[Opening DATA RECORDS section]

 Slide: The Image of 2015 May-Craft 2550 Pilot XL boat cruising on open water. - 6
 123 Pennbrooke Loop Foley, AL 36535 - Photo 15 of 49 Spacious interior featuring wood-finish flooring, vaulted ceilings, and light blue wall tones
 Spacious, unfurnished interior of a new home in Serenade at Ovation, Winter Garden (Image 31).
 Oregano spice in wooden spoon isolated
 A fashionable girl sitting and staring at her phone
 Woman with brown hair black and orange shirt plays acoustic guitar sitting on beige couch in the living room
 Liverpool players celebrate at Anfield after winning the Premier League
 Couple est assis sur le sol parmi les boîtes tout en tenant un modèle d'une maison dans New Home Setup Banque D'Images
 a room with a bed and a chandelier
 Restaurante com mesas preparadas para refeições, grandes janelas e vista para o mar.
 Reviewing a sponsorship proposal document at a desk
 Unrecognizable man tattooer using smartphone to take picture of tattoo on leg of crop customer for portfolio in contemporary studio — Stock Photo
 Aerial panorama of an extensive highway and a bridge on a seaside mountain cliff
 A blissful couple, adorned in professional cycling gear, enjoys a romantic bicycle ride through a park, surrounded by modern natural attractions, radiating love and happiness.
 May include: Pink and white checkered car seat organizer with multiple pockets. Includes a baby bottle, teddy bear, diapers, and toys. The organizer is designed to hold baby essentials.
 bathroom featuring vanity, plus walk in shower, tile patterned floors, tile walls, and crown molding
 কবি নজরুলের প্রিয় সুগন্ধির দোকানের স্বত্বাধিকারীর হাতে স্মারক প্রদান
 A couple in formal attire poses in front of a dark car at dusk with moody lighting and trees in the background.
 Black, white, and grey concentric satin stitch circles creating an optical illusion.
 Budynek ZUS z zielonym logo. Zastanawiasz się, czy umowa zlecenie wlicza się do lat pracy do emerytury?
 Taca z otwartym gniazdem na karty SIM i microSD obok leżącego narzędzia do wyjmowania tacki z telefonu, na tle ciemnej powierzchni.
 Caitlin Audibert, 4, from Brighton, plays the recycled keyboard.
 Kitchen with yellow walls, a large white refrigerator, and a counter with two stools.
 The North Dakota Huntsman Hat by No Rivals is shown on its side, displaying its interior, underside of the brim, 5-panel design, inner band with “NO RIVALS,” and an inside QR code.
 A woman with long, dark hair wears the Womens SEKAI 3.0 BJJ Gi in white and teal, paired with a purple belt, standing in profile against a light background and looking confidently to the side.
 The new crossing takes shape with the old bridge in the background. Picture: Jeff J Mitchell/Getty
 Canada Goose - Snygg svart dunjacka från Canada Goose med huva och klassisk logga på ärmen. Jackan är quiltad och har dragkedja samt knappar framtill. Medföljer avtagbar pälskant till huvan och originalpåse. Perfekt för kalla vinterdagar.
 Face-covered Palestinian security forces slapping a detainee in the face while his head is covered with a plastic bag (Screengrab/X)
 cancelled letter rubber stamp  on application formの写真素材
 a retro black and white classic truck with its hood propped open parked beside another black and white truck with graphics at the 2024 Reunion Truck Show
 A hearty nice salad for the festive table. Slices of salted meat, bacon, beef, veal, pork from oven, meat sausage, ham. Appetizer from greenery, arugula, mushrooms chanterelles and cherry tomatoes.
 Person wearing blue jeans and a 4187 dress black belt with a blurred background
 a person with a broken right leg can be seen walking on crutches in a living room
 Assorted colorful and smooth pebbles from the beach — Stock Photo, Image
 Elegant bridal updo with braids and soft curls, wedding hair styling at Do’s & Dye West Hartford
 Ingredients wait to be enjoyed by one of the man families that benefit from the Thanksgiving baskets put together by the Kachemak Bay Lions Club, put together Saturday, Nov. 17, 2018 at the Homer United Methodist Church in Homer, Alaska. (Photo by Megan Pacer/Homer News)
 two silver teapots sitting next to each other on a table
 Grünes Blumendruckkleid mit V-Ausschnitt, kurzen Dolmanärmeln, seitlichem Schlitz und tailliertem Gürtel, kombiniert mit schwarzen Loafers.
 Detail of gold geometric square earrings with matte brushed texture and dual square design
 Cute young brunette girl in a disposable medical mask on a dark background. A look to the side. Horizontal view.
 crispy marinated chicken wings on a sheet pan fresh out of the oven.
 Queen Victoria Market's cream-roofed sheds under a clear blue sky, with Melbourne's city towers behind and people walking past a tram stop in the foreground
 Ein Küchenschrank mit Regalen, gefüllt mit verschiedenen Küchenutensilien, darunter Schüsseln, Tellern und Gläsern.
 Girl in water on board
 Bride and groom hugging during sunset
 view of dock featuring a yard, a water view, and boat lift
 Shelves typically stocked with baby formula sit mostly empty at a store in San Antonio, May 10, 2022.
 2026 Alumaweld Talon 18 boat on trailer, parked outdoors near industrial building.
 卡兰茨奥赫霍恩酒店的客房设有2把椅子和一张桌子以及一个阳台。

[Closing DATA RECORDS section]

= EXERCISE =
Among the records above, repeat exactly the line with "Black, white, and", the line with "The new crossing", and every line in between, and only those.

= TASK OUTPUT =
 Black, white, and grey concentric satin stitch circles creating an optical illusion.
 Budynek ZUS z zielonym logo. Zastanawiasz się, czy umowa zlecenie wlicza się do lat pracy do emerytury?
 Taca z otwartym gniazdem na karty SIM i microSD obok leżącego narzędzia do wyjmowania tacki z telefonu, na tle ciemnej powierzchni.
 Caitlin Audibert, 4, from Brighton, plays the recycled keyboard.
 Kitchen with yellow walls, a large white refrigerator, and a counter with two stools.
 The North Dakota Huntsman Hat by No Rivals is shown on its side, displaying its interior, underside of the brim, 5-panel design, inner band with “NO RIVALS,” and an inside QR code.
 A woman with long, dark hair wears the Womens SEKAI 3.0 BJJ Gi in white and teal, paired with a purple belt, standing in profile against a light background and looking confidently to the side.
 The new crossing takes shape with the old bridge in the background. Picture: Jeff J Mitchell/Getty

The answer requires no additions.